So I don’t need to draw anyone’s attention to the fact that in one year Peter Jackson is giving the world the first installment of his two film cinematic version of The Hobbit.
He just released the first trailer, and friends, it took the interweb less than two puffs of pipe-weed to start complaining about the suspected inconsistencies, apparent mangling of the book’s storyline, and unnecessary inclusions of characters who don’t belong in The Hobbit.
I presume the majority of these criticisms spring from a genuine love of Tolkien’s book and a reverence for not just the truth and beauty found in its pages, but also for the nostalgia it awakens in us. And I respect that. So it is to that love that I will direct this humble appeal.

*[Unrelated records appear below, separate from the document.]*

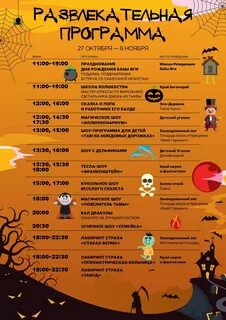 Где проходит программа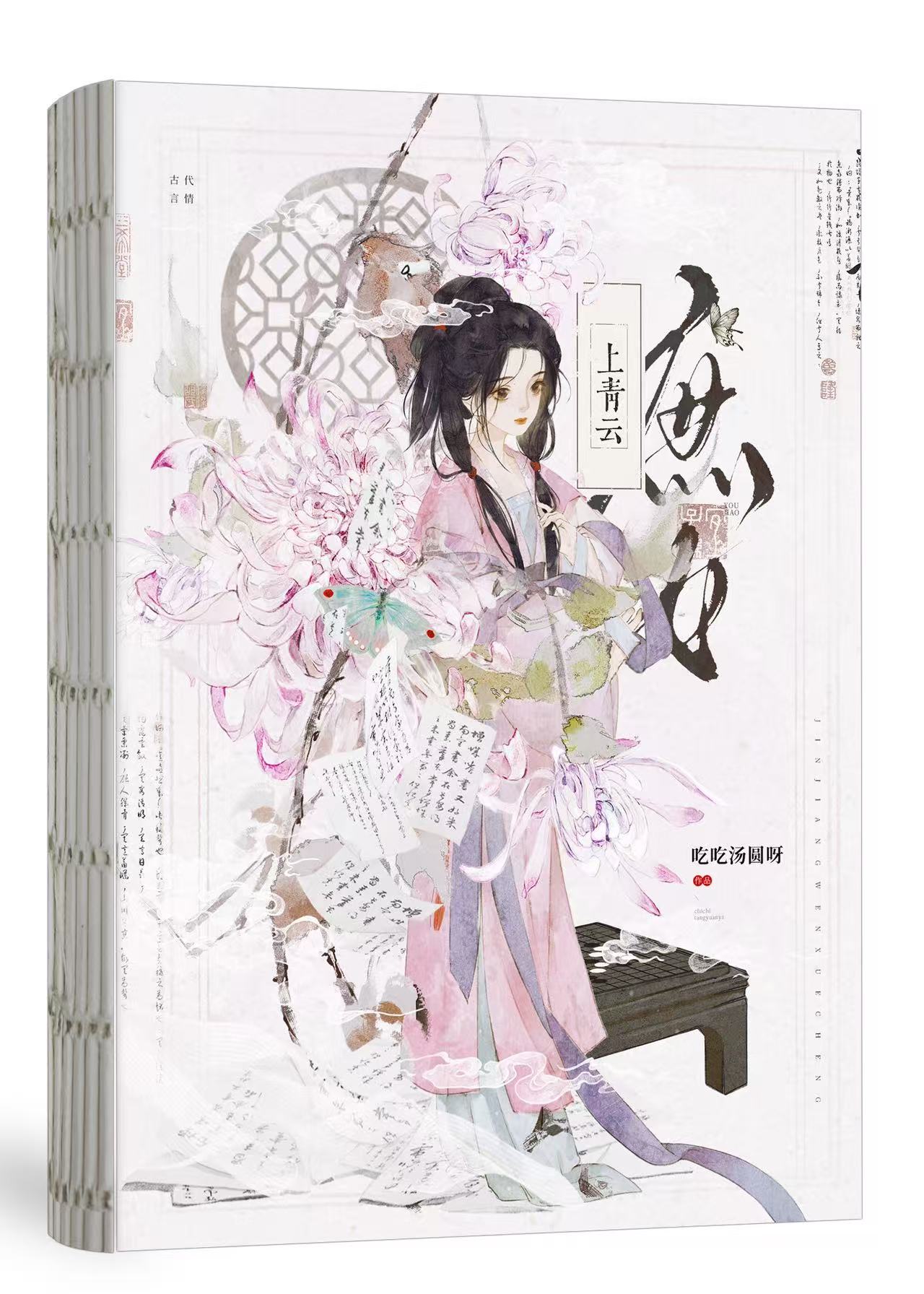 绿茶前男友总想跟我贴贴
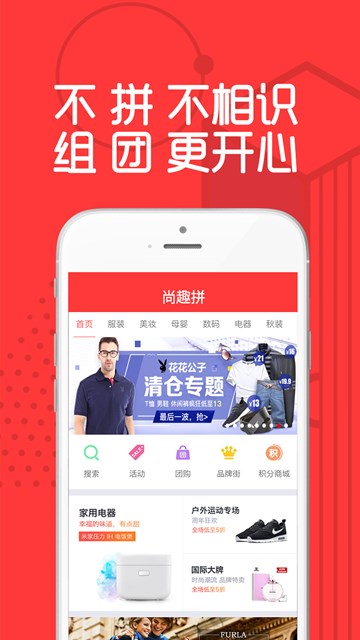 屏幕截图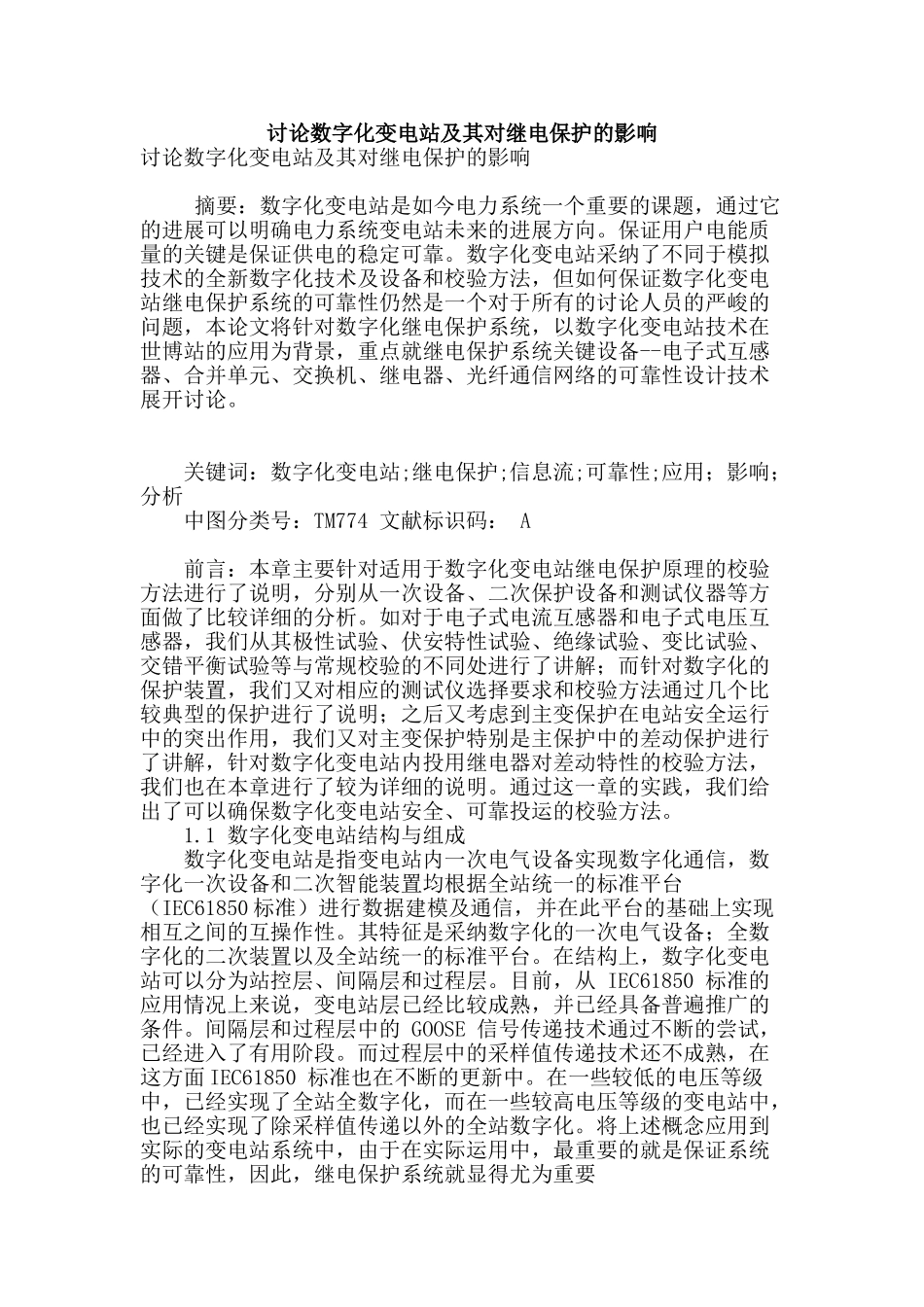 讨论数字化变电站及其对继电保护的影响_第1页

I remember, like it was yesterday, sitting in the theater watching The Fellowship of the Ring for the first time and being struck by this thought: “I have never seen anything like this before! How in the world did what’s his name who made this film create such a realistic and dangerous world?”
I had no idea I was entering in to what would become far and away one of the best movie-going experiences of my life. I had no idea this Peter Jackson guy was about to make 90% of the movies I would see afterward so, how should I say this, average looking. I had no idea that a Hobbit could make me cry or a rising king could make me examine my own attitudes about adulthood.
Did Jackson change some things up in those first three films? He sure did. Were all those changes necessary? Probably not. I don’t know. But can anyone accuse Peter Jackson of being careless with Tolkien’s masterpiece? I think not. And can anyone say those movies are anything less than a labor of love from an exceptionally gifted filmmaker? Come on.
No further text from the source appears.